The FCBA will apply for 3.5 hours of MCLE credit from the VA Bar. This program has not yet been approved.
2:00 – 2:05 p.m. Welcome and Introduction
2:05 – 2:30 p.m. A Congressional Perspective on Privacy
Collin Anderson, Privacy and Cybersecurity Policy Advisor, U.S. Senator Richard Blumenthal
Jamie Susskind, Tech Policy Advisor, U.S. Senator Marsha Blackburn
Kat Scott, Partner, Wiley Rein LLP
2:30 – 3:40 p.m. Session I: Privacy at the Federal Trade Commission
“Whether they know it or not, most Americans today surrender their personal information to engage in the most basic aspects of modern life.” With these words, the FTC launched its much anticipated rulemaking process on federal privacy regulation, or “Commercial Surveillance and Data Security.” What are the bounds of the FTC’s authority in this space? Should the FTC move forward with a rulemaking and if so, what will be included in the FTC’s privacy rules? What will the process look like and how will it be different from traditional APA rulemaking? And given the timing of the rulemaking, how will it affect (or be affected by) Congressional efforts at a new federal privacy framework? This panel will attempt to answer these questions and provide an overview of what may be in store for the future of U.S. privacy regulation.
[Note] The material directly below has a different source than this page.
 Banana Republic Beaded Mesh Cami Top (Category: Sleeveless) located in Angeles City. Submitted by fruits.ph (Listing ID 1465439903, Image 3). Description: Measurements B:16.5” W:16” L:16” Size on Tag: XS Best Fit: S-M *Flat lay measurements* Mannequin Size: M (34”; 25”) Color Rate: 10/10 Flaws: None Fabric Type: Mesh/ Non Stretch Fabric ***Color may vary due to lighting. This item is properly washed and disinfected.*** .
Jon Leibowitz, Senior Counsel, Office of the Attorney General, Maryland, and Former FTC Chairman
John Miller, Senior Vice President of Policy and General Counsel, ITI
Tatiana Rice, Policy Counsel for U.S. Legislation and Biometrics, Future of Privacy Forum
Maureen Ohlhausen, Partner, Baker Botts, and Former FTC Acting Chairman
James Park, Security and Technology Counsel, Appian
3:40 – 3:45 p.m. Break
3:45 – 4:45 p.m. Session II: Privacy at the Supreme Court
In one of the most controversial opinions of the term, Dobbs v. Jackson Women’s Health Organization, the Court overturned Roe v. Wade, which held that abortion was part of a right to privacy. In his concurrence, Justice Thomas even questioned what he deemed the “facial absurdity” of Griswold v. Connecticut, which declared a right of privacy being implicit in the Constitution, leaving privacy advocates concerned about privacy-based precedent beyond Roe and Casey. Along with Dobbs, the powers of federal agencies to enact potential privacy-based regulation has been called into question this past term. In West Virginia v. EPA, the Court limited the Environmental Protection Agency’s authority to regulate gas emissions in the power sector. Applying the major questions doctrine, the Court required Congress to provide clear direction in its delegation of authority to agencies. Analysts suggest this decision may have ripple effects that may apply to any policymaking efforts, including privacy, by federal agencies. This session will examine the impacts that Dobbs and West Virginia will have on consumer and employee privacy issues, and explore where the Court may turn next.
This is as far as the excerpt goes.